Meaningful prevention policies and strategies are needed but they must be "real" from the perspective of the target population and evidence based.  Furthermore, they must be informed by all elements of the problem to be effective.

We should not assume that our current laws, policies or strategies actually work to facilitate prevention - my reading of the evidence is that current policies makes your job, working in prevention, much harder.  Let's not get trapped by our traditions simply because they are our traditions.  We should engage in a broader discussion about what "meaningful prevention" means and how it can be attained.  If the history and evidence reveals that current policies work against prevention we need to say so and not continue to pursue that which has not worked and is unlikely to work.

A lower drug use  society is an attainable goal but it is only attainable if deal we with the evidence and world as it really is, not as we wish it to be.

As far as I can tell everyone engaged in this discussion want to see less drug use.  Your work as prevention professionals is critical but not sufficient.  We also need wise policies that make prevention attainable.  At present the weight of the evidence suggests that our present drug control policies are counterproductive and make drug use problems far worse than they might otherwise be.  Let's keep all prevention issues on the table.
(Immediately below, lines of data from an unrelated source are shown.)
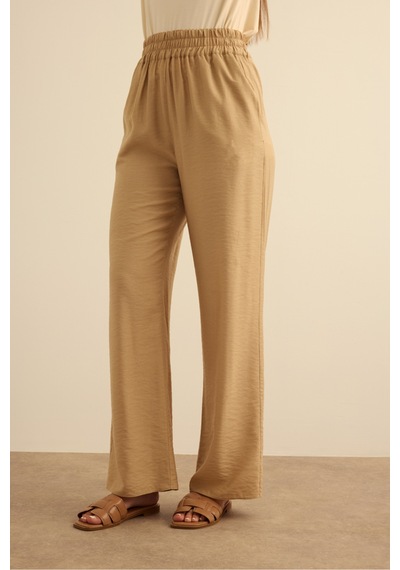 Aker Beli Lastikli Viscon Pantolon Etek Camel Camel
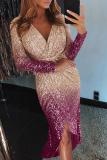 Apricot Ombre Sequin Wrapped Ruched Irregular Dress
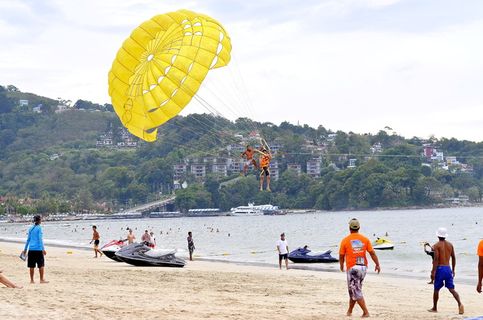 普吉岛，泰国，parasail，水，运动，海滩，旅游，旅游
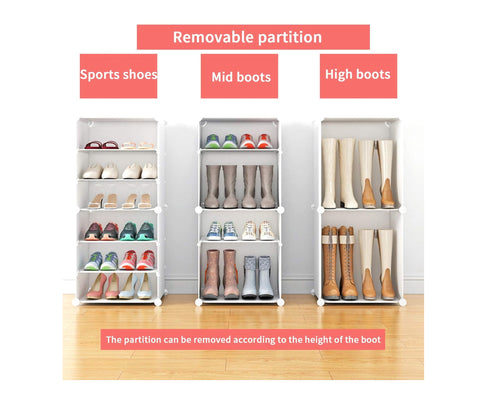 Krishyam® Portable Shoe Rack Organizer, Plastic Cube Storage 18 Pair Tower 9 Steps Plastic Shoe Rack (9 Shelves, DIY(Do-It-Yourself))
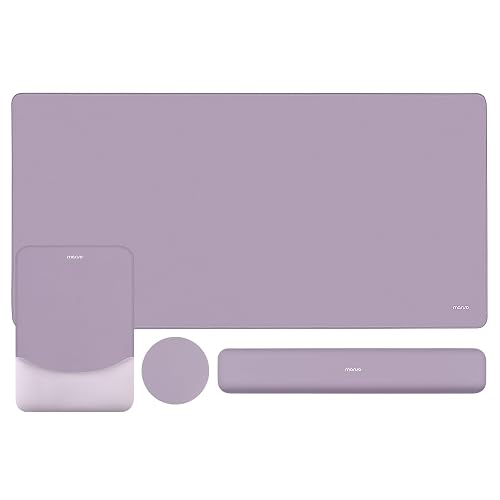 MOSISO Keyboard Mouse Pad Set, Large Gaming Mouse Pad&Keyboard Wrist Rest | Rectangular Mousepad with Wrist Rest&Coaster, Ergonomic Non-Slip&Easy Typing Pad with Curved Silicone Lining, Purple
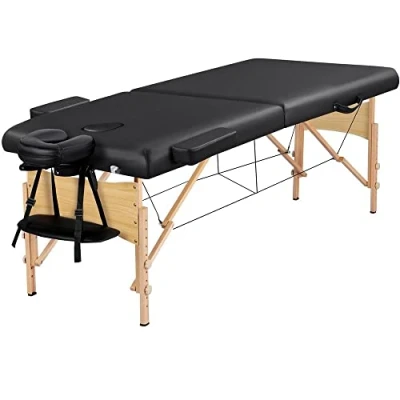 Abbildung von Yaheetech Mobile Massagelige 2 Zonen Massagetisch Höhenverstellbare Massagebank mit Holzfüßen und Tragetasche Klappbare Kosmetikliege 70 cm Breit, Schwarz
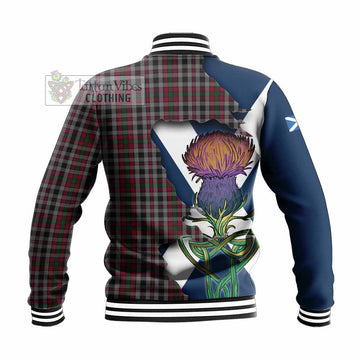 Tartan Vibes Clothing Borthwick Tartan Family Crest Baseball Jacket Scottish Thistle Celtic Inspired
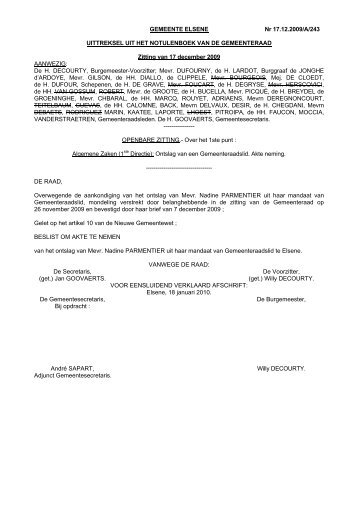 Affaires Générales (1ère Direction) : Démission d'un ... - Elsene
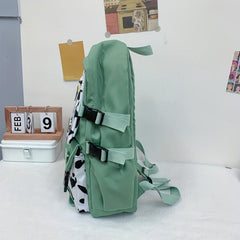 Casual Student Schoolbag Large Capacity Cow Pattern Contrast Backpack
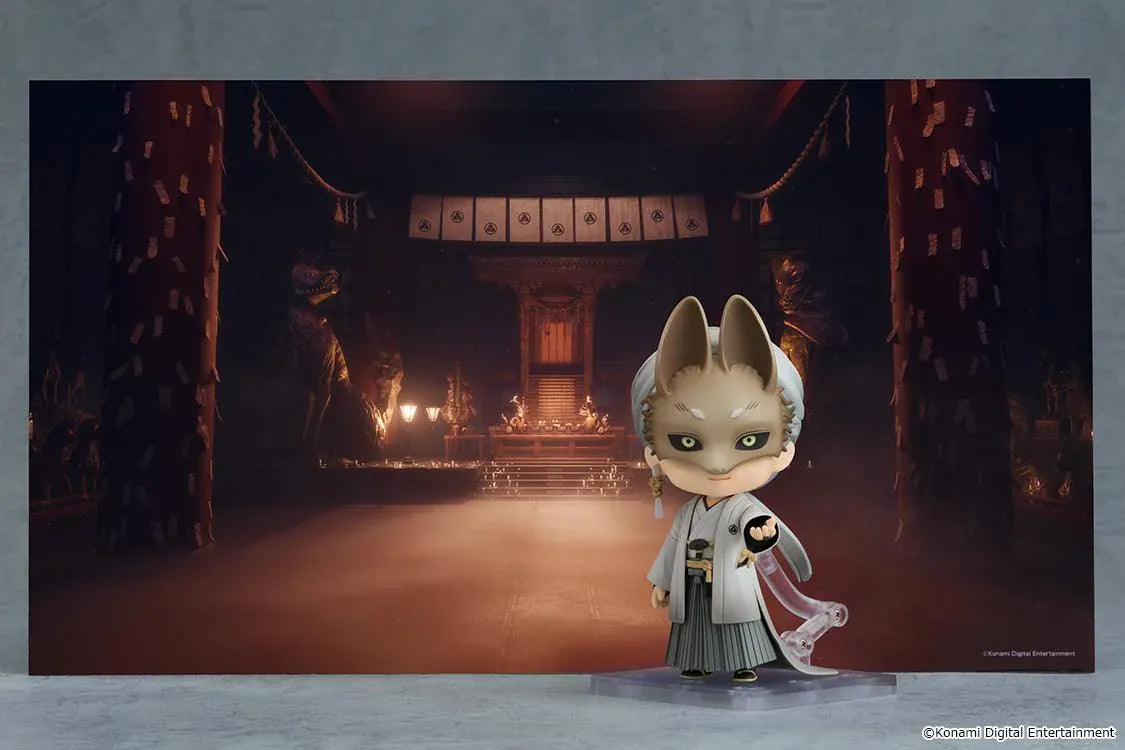 SILENT HILL f Nendoroid Fox Mask figure wearing a detailed fox mask, gray robes, pleated hakama, and a flowing tail.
Stay dedicated to prevention but also think critically about how we got into this situation, what perpetuates it and how best to get out of it.

1 comment:

  1. Great piece.

    Approaching a problem rationally involves, by definition, an ability to consider all possible approaches. There is no a priori reason to pick any particular spot on the drug policy continuum between no policy at all and death to all drug offenders (unless you count the Constitution, although it's clear we're not doing that). What matters are the pragmatic results of the position we ultimately end up choosing.

    Without an open environment for inspecting hypotheses, we'll never have a scientific approach to this problem.